ReplyDeleteWe approached our union for ideas on what could be done in 2013. Union President Brent McKim more or less patted us on our heads and said we had to work WITH legislators and that some lobbying group would do that. When the 2014 General Assembly failed to fund the Actuarial Required Contribution, a group of teachers (all members of Jefferson County Teacher Association) invited union leadership to a meeting with a potential lawyer to file class action suit. Leadership told us to "go form your own group." KEA and JCTA have basically shunned those of us who are plaintiffs in the lawsuit, which was dismissed in Fed. Circuit court on the basis of sovereign immunity. We plan to refile another lawsuit in state court this year.
Our school administrators and district administrators will not advocate for us. My guess is they are frightened of losing high-paid jobs, but they draw from the same retirement system.
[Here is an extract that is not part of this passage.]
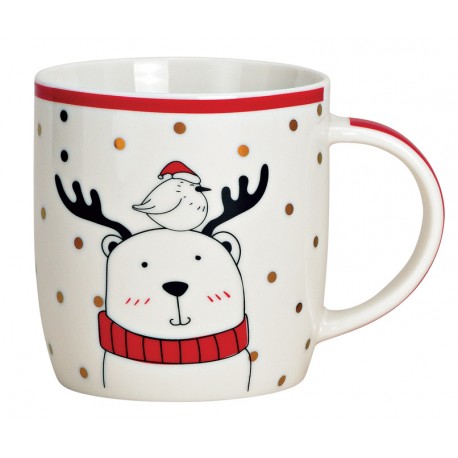 Tasse Noël Elan rouge doré porcelaine 35 cl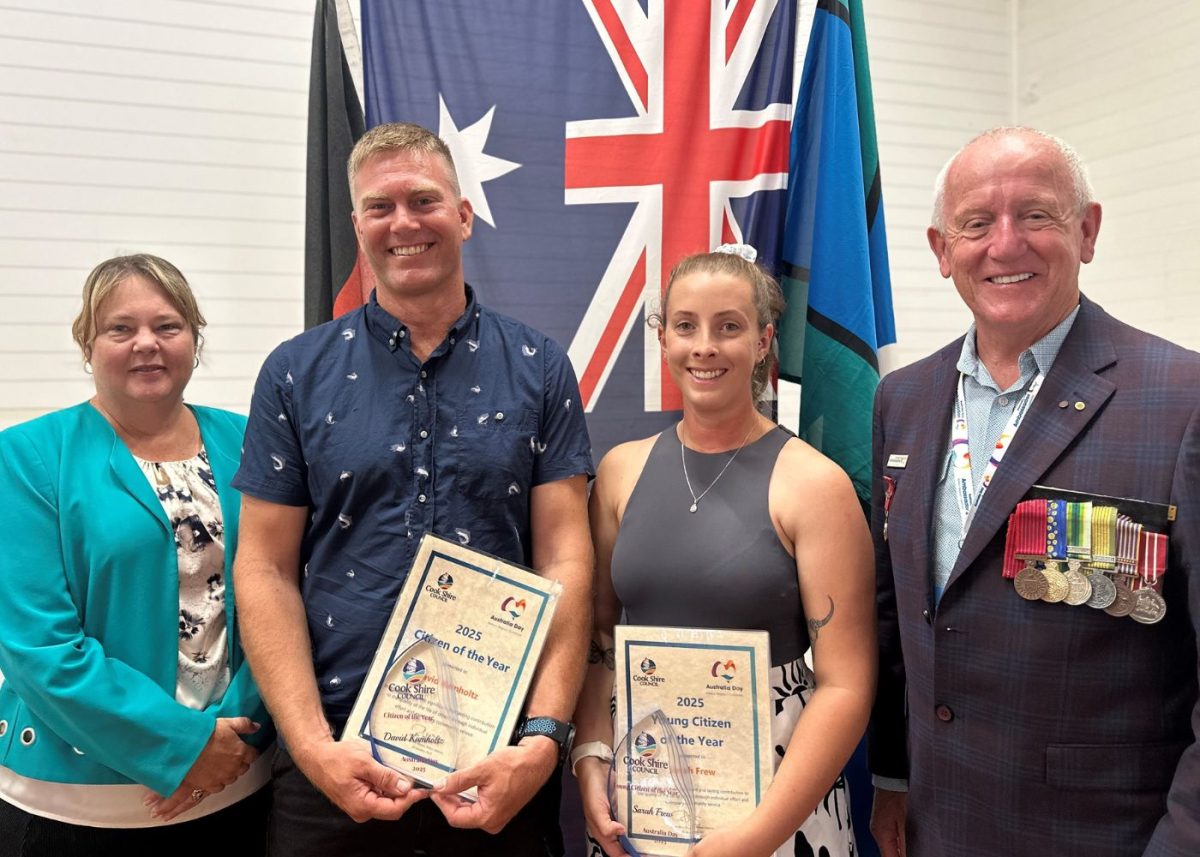 Cook Shire 2025 Citizen and Young Citizen of the Year Award winners David Chappy Kamholtz and Sarah Frew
The public has no inkling of a teacher's responsibilities. Everyone thinks we get paid for the entire summer.
Sure we do, but it's from an escrow that is deducted from our paychecks during school year. We get few paid holidays, and teachers in other counties in the state make abominably low salaries..
This past legislative session has shown that the GOP in Kentucky and Kentucky's governor lack imagination and intellect. They have vindictively blamed the unfunded liability on "former leadership" when many of those same legislators have been in office since 2005, and some earlier. Kentucky politicians have made a practice of robbing one program to pay for another in order to avoid any thinking or discussion of revenue streams while at the same time giving away billions of dollars in tax incentives to corporations. Kentucky's GOP does not value public education. The party is bought and bossed by outside interests and dark money. It has failed the people of Eastern Kentucky for generations, which is why our state is always about 20 year behind the rest of the country in everything but corruption and cronyism.